Square D has the QO and QOU series that are UL listed
for DC operation up to 48 volts. Some installers use
the QO breakers in low voltage combiner and charge
control circuits. Today’s MPPT solar charge controllers
quite often operate above 100 volts input even for
a 12V battery system. 48 volt systems typically charge
batteries to 60 VDC so QO and QOU breakers are not
suitable. As in the AC section, there are multiple
DC circuits all operating at the same time. They too
require independent circuits, thus eliminating the
possibility to use a standard off the shelf circuit
breaker box as a one stop solution. The DC breakers
required do not lend themselves to the stab in type
of boxes available at your local hardware store anyway.

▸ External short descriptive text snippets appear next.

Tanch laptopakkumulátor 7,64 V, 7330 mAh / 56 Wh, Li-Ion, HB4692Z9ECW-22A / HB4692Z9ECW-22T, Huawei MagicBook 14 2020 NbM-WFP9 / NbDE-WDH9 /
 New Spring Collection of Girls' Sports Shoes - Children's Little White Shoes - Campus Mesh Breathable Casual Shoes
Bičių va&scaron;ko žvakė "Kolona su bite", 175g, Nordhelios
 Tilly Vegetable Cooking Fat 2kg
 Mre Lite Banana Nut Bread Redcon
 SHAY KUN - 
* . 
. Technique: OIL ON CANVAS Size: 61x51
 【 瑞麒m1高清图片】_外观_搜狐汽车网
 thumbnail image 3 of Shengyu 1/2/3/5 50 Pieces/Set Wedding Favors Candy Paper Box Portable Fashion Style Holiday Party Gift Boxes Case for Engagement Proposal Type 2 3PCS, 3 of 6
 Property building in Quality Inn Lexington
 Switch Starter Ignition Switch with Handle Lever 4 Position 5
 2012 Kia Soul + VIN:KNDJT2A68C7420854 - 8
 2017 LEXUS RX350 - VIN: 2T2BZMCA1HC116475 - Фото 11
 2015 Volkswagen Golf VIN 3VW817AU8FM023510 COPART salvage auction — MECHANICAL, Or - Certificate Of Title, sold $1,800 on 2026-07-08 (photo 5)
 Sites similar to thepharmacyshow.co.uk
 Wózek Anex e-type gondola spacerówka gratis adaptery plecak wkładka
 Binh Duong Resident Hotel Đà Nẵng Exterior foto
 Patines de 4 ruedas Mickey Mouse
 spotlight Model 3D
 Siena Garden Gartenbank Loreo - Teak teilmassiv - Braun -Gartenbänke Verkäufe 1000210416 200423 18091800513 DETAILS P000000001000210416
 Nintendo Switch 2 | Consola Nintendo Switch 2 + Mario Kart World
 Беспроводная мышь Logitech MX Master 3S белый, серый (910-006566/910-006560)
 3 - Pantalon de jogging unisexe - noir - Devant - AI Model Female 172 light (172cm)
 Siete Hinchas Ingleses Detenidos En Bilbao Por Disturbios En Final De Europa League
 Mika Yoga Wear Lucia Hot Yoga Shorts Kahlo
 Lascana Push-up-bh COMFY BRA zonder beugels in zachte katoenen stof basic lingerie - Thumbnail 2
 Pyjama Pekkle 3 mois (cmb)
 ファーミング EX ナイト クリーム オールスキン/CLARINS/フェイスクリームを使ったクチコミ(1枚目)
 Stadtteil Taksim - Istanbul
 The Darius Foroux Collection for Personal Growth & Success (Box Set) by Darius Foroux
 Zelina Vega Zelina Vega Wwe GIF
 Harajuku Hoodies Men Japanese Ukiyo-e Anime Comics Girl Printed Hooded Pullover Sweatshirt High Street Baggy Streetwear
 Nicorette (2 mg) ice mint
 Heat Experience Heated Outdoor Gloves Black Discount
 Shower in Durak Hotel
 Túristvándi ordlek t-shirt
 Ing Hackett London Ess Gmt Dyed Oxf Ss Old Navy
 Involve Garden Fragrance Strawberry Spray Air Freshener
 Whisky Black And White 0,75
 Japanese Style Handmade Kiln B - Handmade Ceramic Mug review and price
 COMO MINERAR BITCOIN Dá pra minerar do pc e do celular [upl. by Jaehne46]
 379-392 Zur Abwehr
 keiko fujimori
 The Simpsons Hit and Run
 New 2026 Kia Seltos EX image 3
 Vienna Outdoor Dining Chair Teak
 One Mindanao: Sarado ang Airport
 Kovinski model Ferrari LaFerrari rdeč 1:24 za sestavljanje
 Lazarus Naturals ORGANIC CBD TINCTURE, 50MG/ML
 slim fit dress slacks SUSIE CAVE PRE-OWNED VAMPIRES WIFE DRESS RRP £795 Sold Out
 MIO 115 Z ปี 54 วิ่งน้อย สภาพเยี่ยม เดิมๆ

Some of the DC circuits are:
7. Inverter battery circuit breaker
8. Solar charge controller battery disconnect
9. Solar charge controller PV disconnect
10. Hydro and or wind controller output disconnect
11. DC GFP device (required per NEC soon on all solar installations)
12. DC loads such as a DC refrigerator or freezer
13. Auxiliary monitoring equipment
14. PV combiner breakers
The circuit breakers required in these circuits are
generally rated for 125 VDC. The enormous amounts
of fault current available from the battery bank necessitate
a large interrupt capacity (AIC) for inverter breakers.
25,000 amp interrupt is an industry standard. AC breakers
are not suitable for DC operation due to interrupt
rating and the lack of arc suppression. AC breakers
tend to weld themselves in the closed position when
subjected to high DC fault currents.